Das Umweltbundesamt rechnet u.a. durch Ernteausfälle sowie Reparaturen nach Unwetterereignissen mit Umweltschäden von 195 € pro ausgestoßener Tonne CO2 [2]. Die Stadtwerke München geben ihren CO2-Ausstoß für Geschäftskunden-Strom mit 147 g/kWh an [3]. Bei 23 GWh Stromverbrauch unserer Uni führte dies allein im Jahr 2019 zu Umweltschäden in Höhe von ca. 887.000 €, die die BUW der Allgemeinheit auferlegt hat [5]. Bedenkt man nun, dass der durchschnittliche CO2-Ausstoß pro kWh in Deutschland um ca. den Faktor 2,15 größer war [7], kann davon ausgegangen werden, dass sich die Umweltkosten durch den kommenden Wechsel des Stromanbieters auf 1,92 Mio. € pro Jahr mehr als verdoppeln können. Da den Zuschlag jedoch der günstigste Stromanbieter bekommt, könnte dies auch ein Anbieter sein, der größtenteils Kohlestrom anbietet. Dadurch können die Kosten auf über 3 Mio. € pro Jahr ansteigen [9]. Diese Umweltkosten beziehen sich (aufgrund vorhandener Daten [3]) zwar alle auf 2019 und sinken mit der Zeit langsam durch den Ausbau erneuerbarer Energien, dennoch wird mehr als deutlich, dass die BUW der Allgemeinheit durch die Wahl von Graustrom Jahr für Jahr enorme Kosten auferlegt. Zudem fallen diese laut einer E-Mail-Korrespondenz mit dem Umweltbundesamt „zu einem beträchtlichen Teil im globalen Süden an“ [11]. Der CO2-Ausstoß pro Kopf ist in Deutschland bspw. um den Faktor 29 größer als in Kenia und sogar um den Faktor 94 größer als in Niger [12]. Der Klimawandel ist ungerecht und beeinträchtigt überproportional diejenigen, die ihn am wenigsten verursachen.

Erneut soll darauf hingewiesen werden, dass Kosten des indirekten CO2-Ausstoßes von Strom aus fossilen Energien sowie die langfristigen Kosten von Atommüll vernachlässigt wurden. Des Weiteren entstehen gesundheitsbezogene Kosten durch den Klimawandel, die sich laut Weltgesundheitsorganisation (WHO) ab 2030 auf 2–4 Mrd. $ pro Jahr belaufen, indirekte gesundheitsbezogene Kosten noch nicht mit eingerechnet [13]. Außerdem ist aufgrund des Klimawandels laut WHO ab 2030 mit mehr als 250.000 Toten pro Jahr zu rechnen (allein durch 4 ausgewählte Gründe, u.a.  extreme Hitze und Unterernährung) [13].

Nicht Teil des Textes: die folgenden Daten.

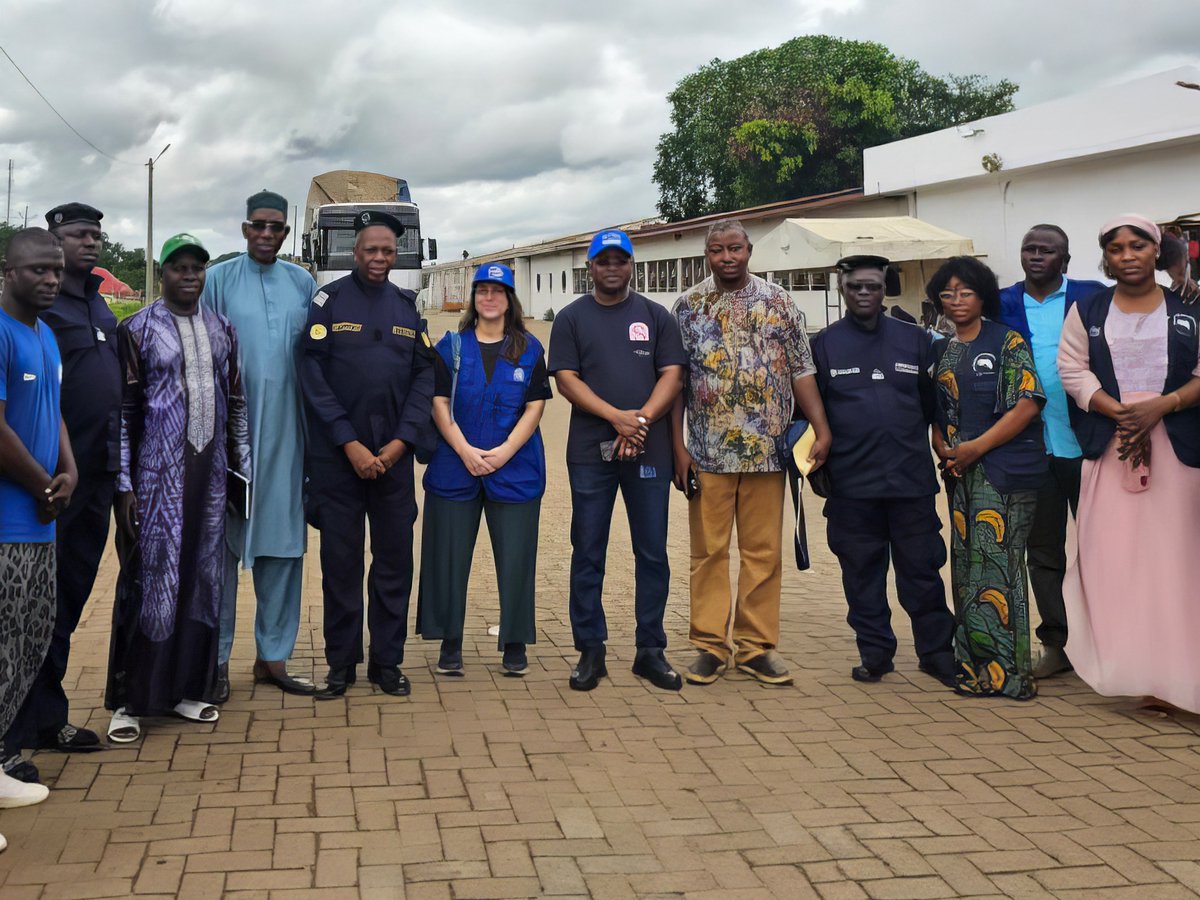 OIM Guinée (@oimguinee) on Twitter photo Mission <a href="/OIMGuinee/">OIM Guinée</a> – <a href="/AgenceSecurite/">Agence Nationale de Sécurité Sanitaire</a> à Forécariah du 2 au 13 juillet, pour renforcer la préparation et la réponse face à l’épidémie de #Mpox dans les zones frontalières et insulaires.
Visites de terrain, appui matériel, formations et échanges avec les autorités locales. Mission <a href="/OIMGuinee/">OIM Guinée</a> – <a href="/AgenceSecurite/">Agence Nationale de Sécurité Sanitaire</a> à Forécariah du 2 au 13 juillet, pour renforcer la préparation et la réponse face à l’épidémie de #Mpox dans les zones frontalières et insulaires.
Visites de terrain, appui matériel, formations et échanges avec les autorités locales.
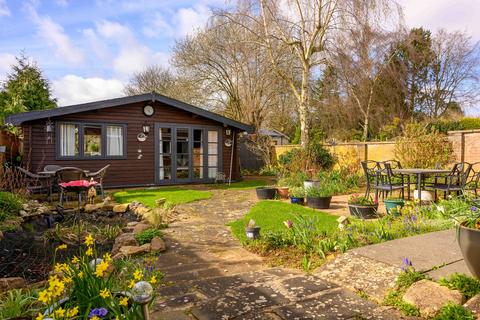 4 bedroom detached house for sale, Ise Vale Avenue, Desborough, Kettering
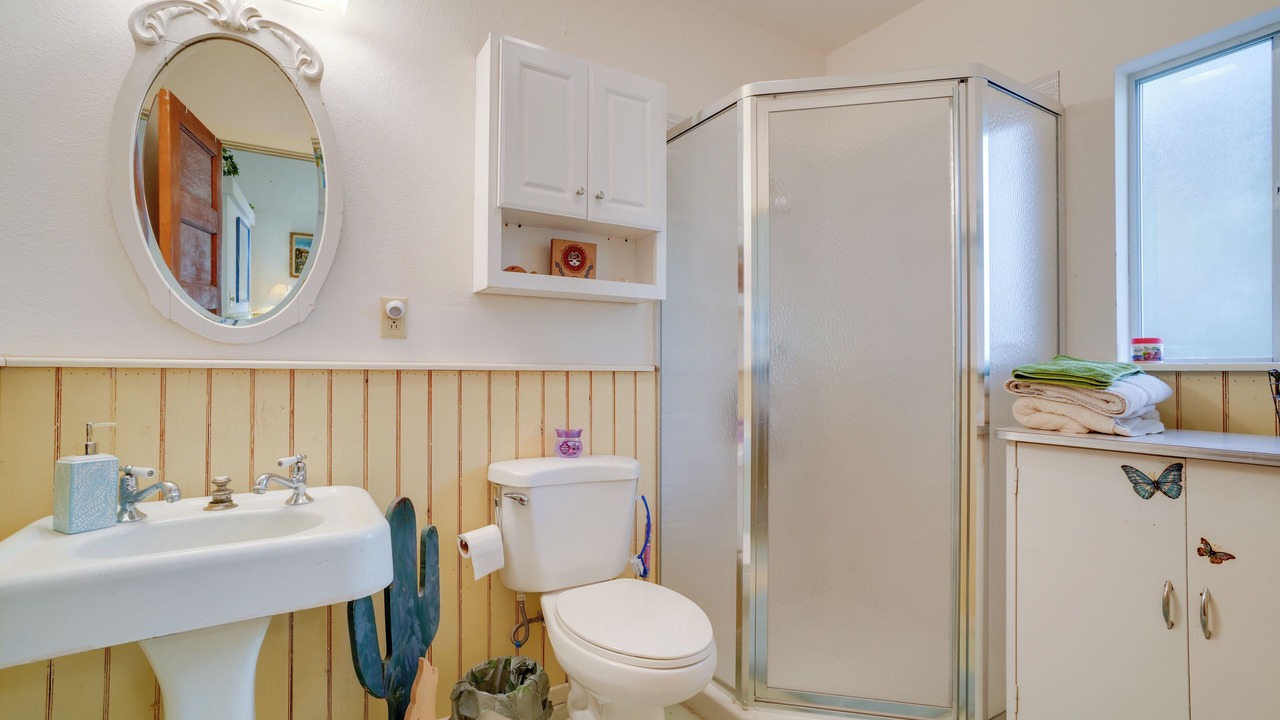 Photo of Bathroom in Yarnell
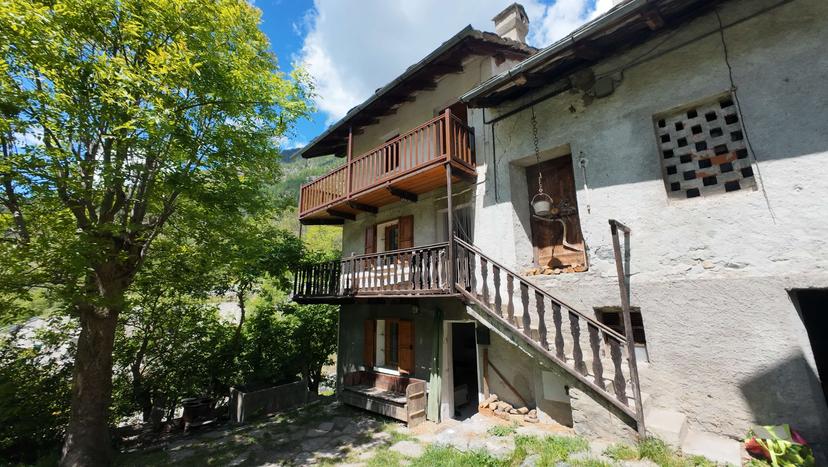 Porzione di casa, Oyace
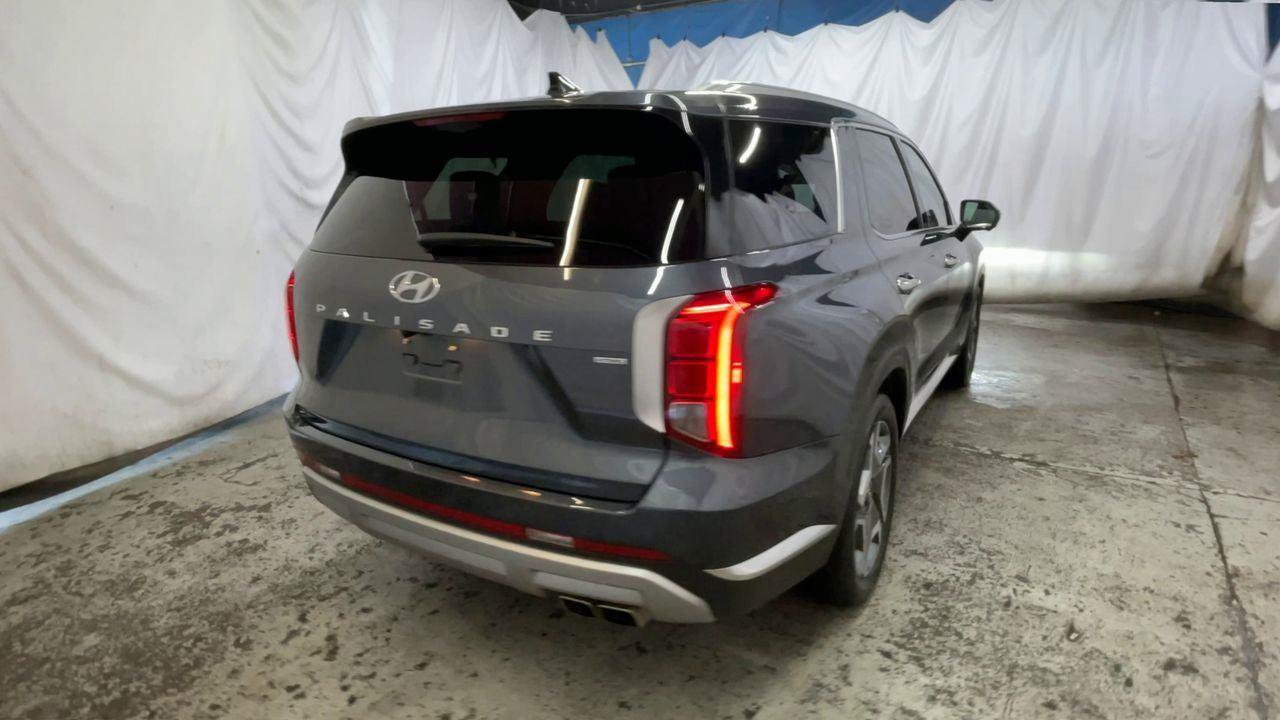 Used 2024 Hyundai Palisade Limited AWD/4WD image 8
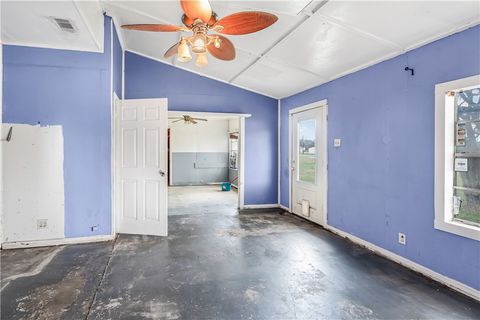 Tiny photo for 124 12th Street, Somerville, TX 77879 (MLS # 26002142)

Kostet Ökostrom mehr als Graustrom?

Die Kosten für den Umstieg von Graustrom auf regenerativen Strom sind minimal (sofern überhaupt vorhanden): Laut Schätzungen seitens der WSW betragen diese etwa 1–2% der bisherigen Stromkosten. Eine Recherche von Blickfeld hat sogar ausschließlich niedrigere Werte gefunden: Der Umstieg auf regenerativen Strom mit TÜV NORD Zertifikat hat bei der Uni Düsseldorf zu einem Kostenanstieg von unter 0,5% geführt [14]; die Zusatzkosten für Ökostrom lagen bei der Uni Bonn bei etwa 0,5% (vgl. [14]). Übereinstimmend damit fand eine Nachfrage des AStA der Hochschule Rhein-Waal Mehrkosten von 1€ pro MWh heraus, umgerechnet sind dies ebenfalls 0,5%. Zusatzkosten von ca. 0,5% entsprächen bei der BUW ca. 20.000€. Diese sind finanziell problemlos zu stemmen und stehen in keinem Verhältnis zu den entstehenden Umweltkosten, gesundheitsbezogenen Kosten sowie Toten. Maßnahmen, die den hohen Stromverbrauch der BUW um nur 0,5% senken würden, würden diese Zusatzkosten bereits vollständig decken. Daher bestehen keine Gründe gegen einen Umstieg auf Strom aus regenerativen Energien.

Das HSW geht bereits seit 2012 mit gutem Beispiel voran und bezieht regenerativen Strom der WSW, der seit diesem Jahr mit dem TÜV-geprüften Gütesiegel „RenewablePLUS“ zertifiziert ist [14–15]. Dieses bietet eine Investitionsgarantie für den Ausbau erneuerbarer Energien [15]. Darüber hinaus werden sogar die anfallenden CO2-Emissionen beim Bau & Betrieb der Kraftwerke durch Emissionsminderungszertifikate ausgeglichen, sodass dieses Ökostromangebot nicht nur auf dem Papier, sondern auch faktisch klimaneutral ist [15]. Die BUW sollte diesem herausragenden Beispiel folgen und gleichwertigen Strom aus regenerativen Energien mit entsprechendem Gütesiegel beziehen.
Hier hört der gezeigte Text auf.